Ms. Bouvard and Mr. Walters invited a diverse group of choreographers to participate. Some they knew from residencies at Les Subsistances, which invites up to 70 artists a year, from theater, dance and circus arts, to work in the polyvalent space. These residencies always culminate with a public showing in some form, Ms. Bouvard said. “The idea is to be a point of creation, an experimental space, but to be as open to a large public as much as possible, not a hermetic institution,” she said. (Les Subsistances has an annual budget of 2.5 million euros, or $3.42 million, funded by the city, the region and the state.)
Their instructions to the choreographers – Kyle Abraham (American), Laurent Chétouane (French, living in Berlin), Yuval Pick (Israeli, living in France) and Yasmeen Godder (Israeli) – were simple. They had to pick something from Mr. Muhly’s existing oeuvre (which wasn’t difficult as he has composed over 70 works in the past six years alone); the musicians must play live on stage; and the work should be around 30 minutes.
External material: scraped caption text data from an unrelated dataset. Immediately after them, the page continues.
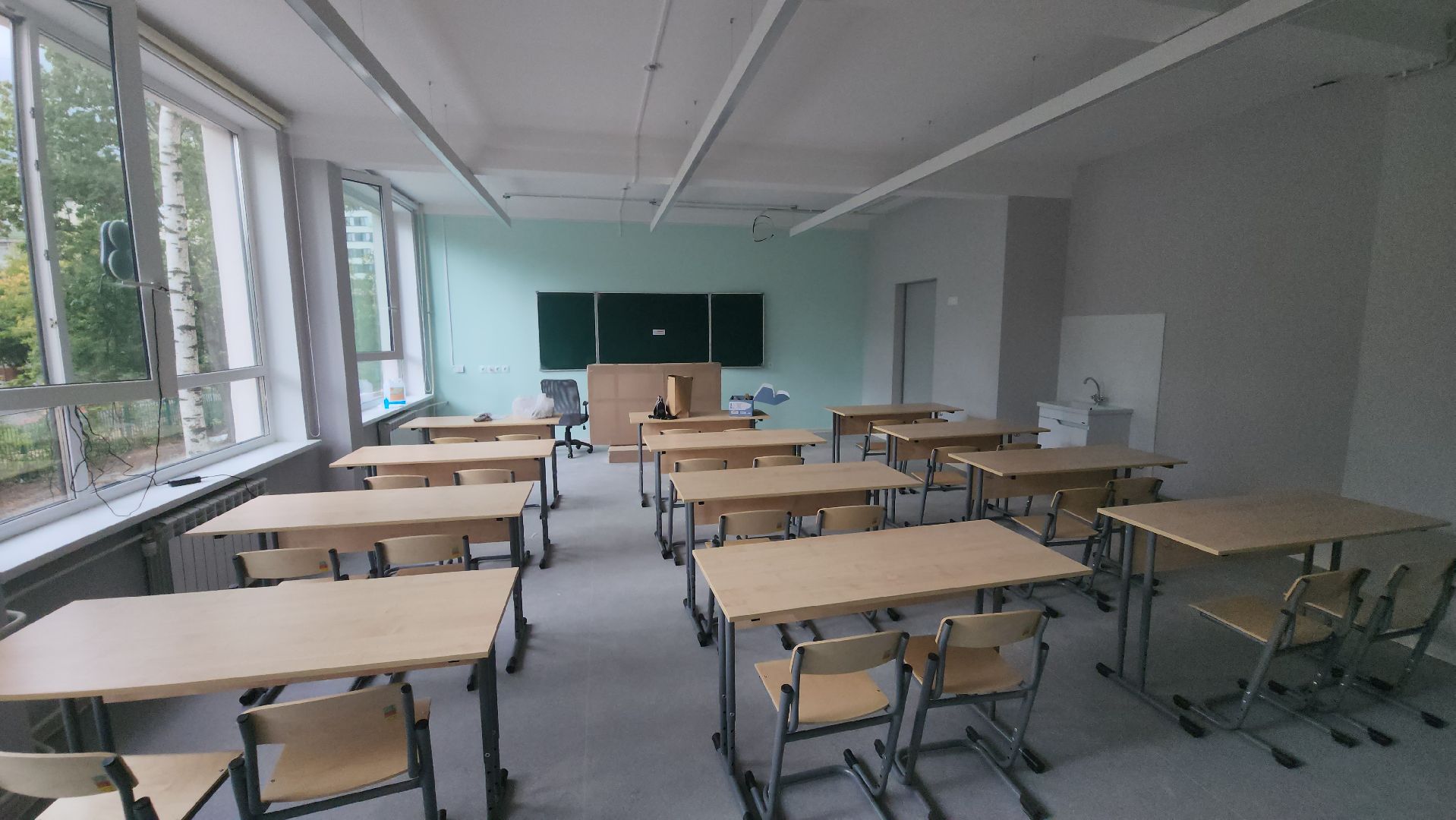 долгопрудный, школы, капремонт, робот-мойщик, благоустройство пришкольной территории,  фасад, цоколь, парты,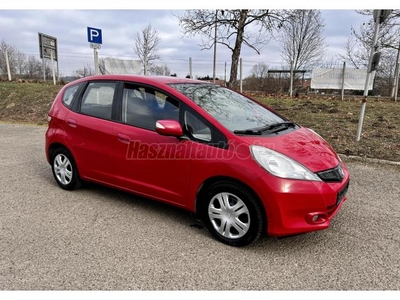 HONDA JAZZ 1.4 Elegance MEGKÍMÉLT ÁLLAPOT/ DIGIT KLÍMA/ TÉLI GUMI/ AZONNAL ELVIHETŐ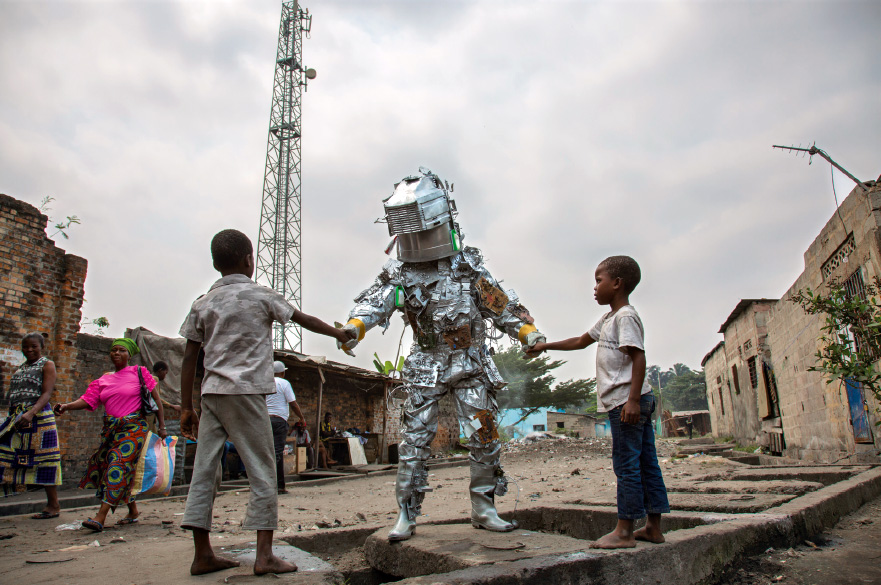 Michel Ekeba est le "Kongo Astronaute", avec sa tenue en composants informatiques récupérés sur les marchés de Kinshasa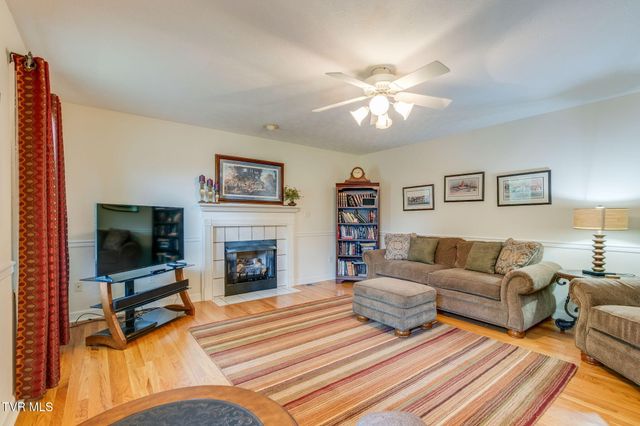 912 Spring Valley Drive, Kingsport, TN 37660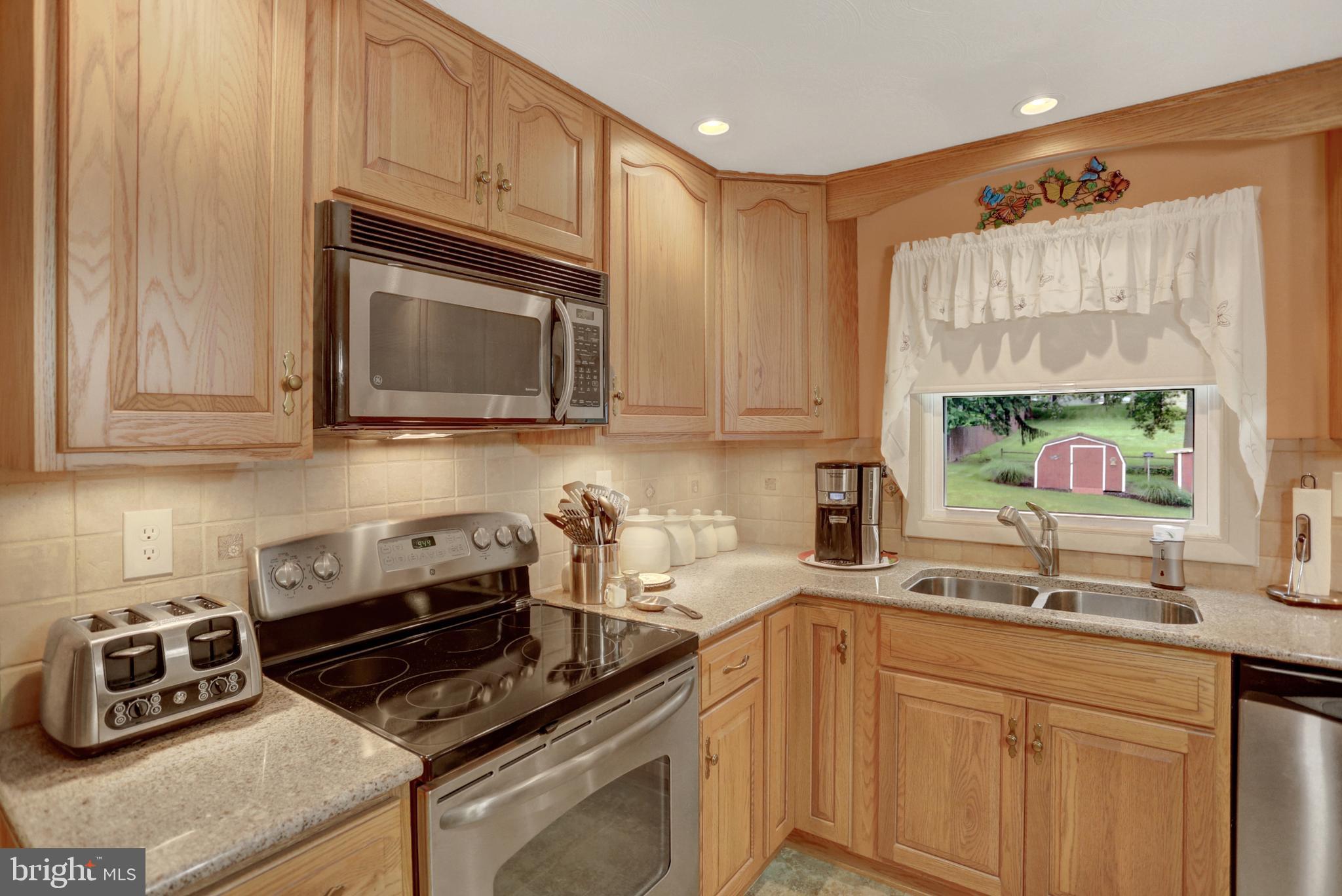 63 Sharon Road Enola, PA 17025 - Photo 5 of 40 Gallery Image 5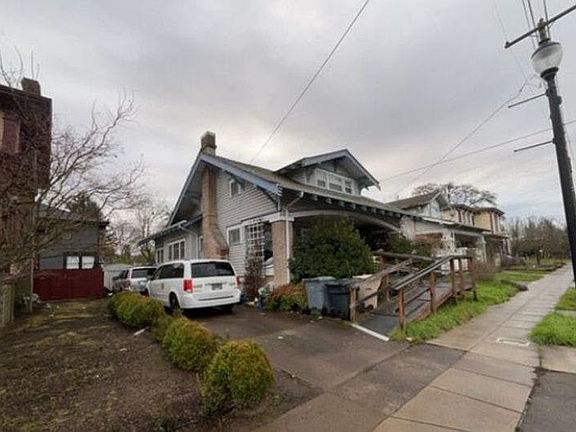 3rd image of 715 Lyon St SE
“My idea had been a group work,” Mr. Abraham said in a Skype interview from Chile where his company is on tour, “but the number of musicians was a factor here, and I wound up selecting three string and percussion pieces that felt on a smaller scale. So this is a solo.”
That piece, “Frail,” is set in part to a section from Mr. Muhly’s latest album, “Drones,” which places different solo instruments over sustained, low, ambient noise. The drone pieces proved a popular choice – each choreographer involved is using at least an element from the same album, which Mr. Muhly suggested in conversations about their musical choices.
“None of them had been choreographed, so I was excited about that idea,” Mr. Muhly said by telephone from Los Angeles. “There is a lot of poetic possibility.”
Mr. Muhly, who has had ongoing conversations with the choreographers during the process, added that the choreographers had used the material in very different ways, reshuffling the order of the pieces, interspersing silence – or, in the case of Mr. Chétouane, adding music by the Renaissance composer Domenico Gabrielli.
Mr. Chétouane’s work, “15 Variations autour de l’ouvert,” which uses four dancers, three musicians, and lasts 85 minutes, is an ambitious enterprise that was stimulated by Mr. Muhly’s music, he said.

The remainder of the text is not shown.